Она наткнулась на дверь ванной комнаты и когда обернулась и посмотрела на меня в упор, я увидел какое-то новое выражение на ее лице – не гнев, нет, а изумление и отвращение одновременно.
– Значит, ты опять ездил туда, – спросила она, – к тому месту, где он погиб? Ты что же, сознательно поехал туда – стоял и смотрел на проходящий поезд и сам тоже мог погибнуть?
– Да.
– Ну, тогда я выскажу тебе все, что думаю. Я думаю, что это ненормально, противоестественно, бессмысленно! Но самое ужасное, что после всего этого ты возвращаешься сюда и занимаешься со мной любовью. Не воображай, что я забуду об этом. Никогда тебе этого не прощу! Ради Бога, спи где хочешь. Так будет даже лучше.
Она хлопнула дверью, и я осознал, что на сей раз это не просто демонстрация, не импульсивная выходка. Все обстояло гораздо серьезнее, по-видимому, она и впрямь была оскорблена до глубины души. Я понимал ее, во мне все разрывалось от какой-то странной жалости к ней, однако я не мог ничего объяснить и не в силах был что-либо сделать.
На следующее утро мы встретились не как муж и жена после очередной семейной стычки, а как два совершенно посторонних человека, которые в силу обстоятельств вынуждены жить под одной крышей, вместе питаться, перемещаться по комнатам, строить планы на день, отпускать дежурные шутки детям, которых она родила не от меня, что еще больше отдаляло нас друг от друга.

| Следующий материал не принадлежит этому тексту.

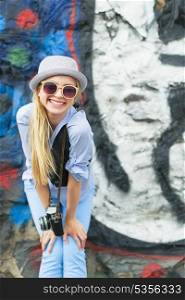 Portrait of smiling hipster girl with retro photo camera against urban wall outdoors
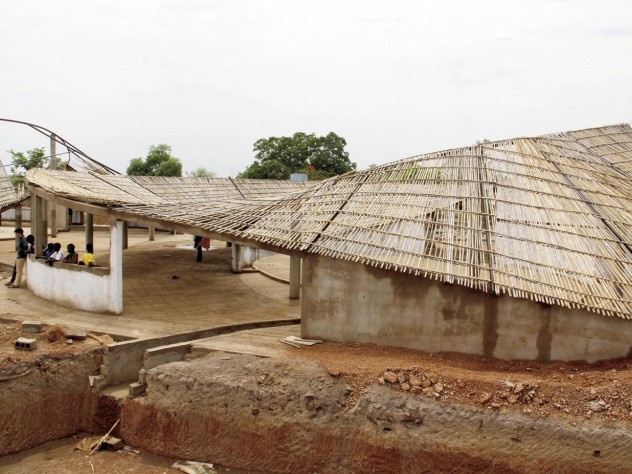 Photograph courtesy of Jordan MacTavish The undulating roof, constructed of local bamboo and thatch, is designed to catch rainwater for community use.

Она глубоко переживала нашу размолвку – я это чувствовал по ее вздохам, по ее усталой походке, по тому, как звучал ее голос. Да тут еще дети, которые чутко, как звери, реагируя на малейшую перемену в настроении, непрестанно буравили нас взглядами.
– Это правда, – осторожно спросил Тедди, когда мы оказались с ним одни, – что профессор завещал тебе дом?
– Да, – ответил я. – Неожиданный, но очень щедрый подарок с его стороны.
– Значит, мы теперь всегда будем приезжать сюда на каникулы?
– Не знаю, это зависит от Виты, – сказал я.
Он принялся ходить по комнате и перебирать все подряд предметы, расставленные на столах и комодах – вертел, снова ставил на место, похлопывал ладонью по спинкам стульев.
– По-моему, маме здесь не очень нравится, – сказал он.
– А тебе? – спросил я.
– Нормально, – сказал он и пожал плечами.
Все ясно, вчера была рыбалка в обществе симпатичного Тома – и его переполнял восторг. А сегодня взрослые не в духе – и вот уже апатия, неуверенность. Разумеется, это моя вина. Вообще, что бы ни произошло в этом доме – в прошлом, настоящем и будущем, – всегда виноват буду только я. Но смешно было говорить об этом Тедди, так же как просить у него прощения.
– Не бойся, – сказал я. – Все как-нибудь уладится. Не исключено, что вы проведете рождественские каникулы в Нью-Йорке.
– Ух ты! Вот здорово! – воскликнул он и, выбежав из комнаты на террасу, крикнул Микки, который был на улице: – Дик говорит, что следующие каникулы мы, наверно, проведем дома!
Восторженное «ура», которым встретил это известие его младший брат, красноречивее любых слов говорило об их отношении к Корнуоллу, Англии, Европе и, разумеется, ко мне, их отчиму.
Выходные прошли довольно скверно. Снова испортилась погода, и атмосфера в доме стала еще тяжелее. Пока мальчики играли в подвале в пинг-понг, а Вита сочиняла письмо на десяти страницах Биллу и Диане в Ирландию, я изучал книги в библиотеке Магнуса, начиная с морских романов времен капитана Лейна и заканчивая книгами, которые Магнус приобрел сам, – и каждую из них я любовно, по-хозяйски поглаживал. Третий том «Истории приходов графства Корнуолл» (буквы «Л – Н», и никаких следов остальных томов) был засунут за «Историю парусников». Я вытащил его и пробежал глазами алфавитный указатель приходов. Лэнливери там фигурировал, и почетное место в отведенной ему главе занимал Рестормельский замок. Однако несчастный сэр Джон был бы разочарован: хотя он и являлся смотрителем замка в течение семи месяцев, имя его не упоминалось. Я хотел уже поставить книгу на место, намереваясь более детально с ней ознакомиться в другой раз, как вдруг мое внимание привлекла одна строка вверху страницы.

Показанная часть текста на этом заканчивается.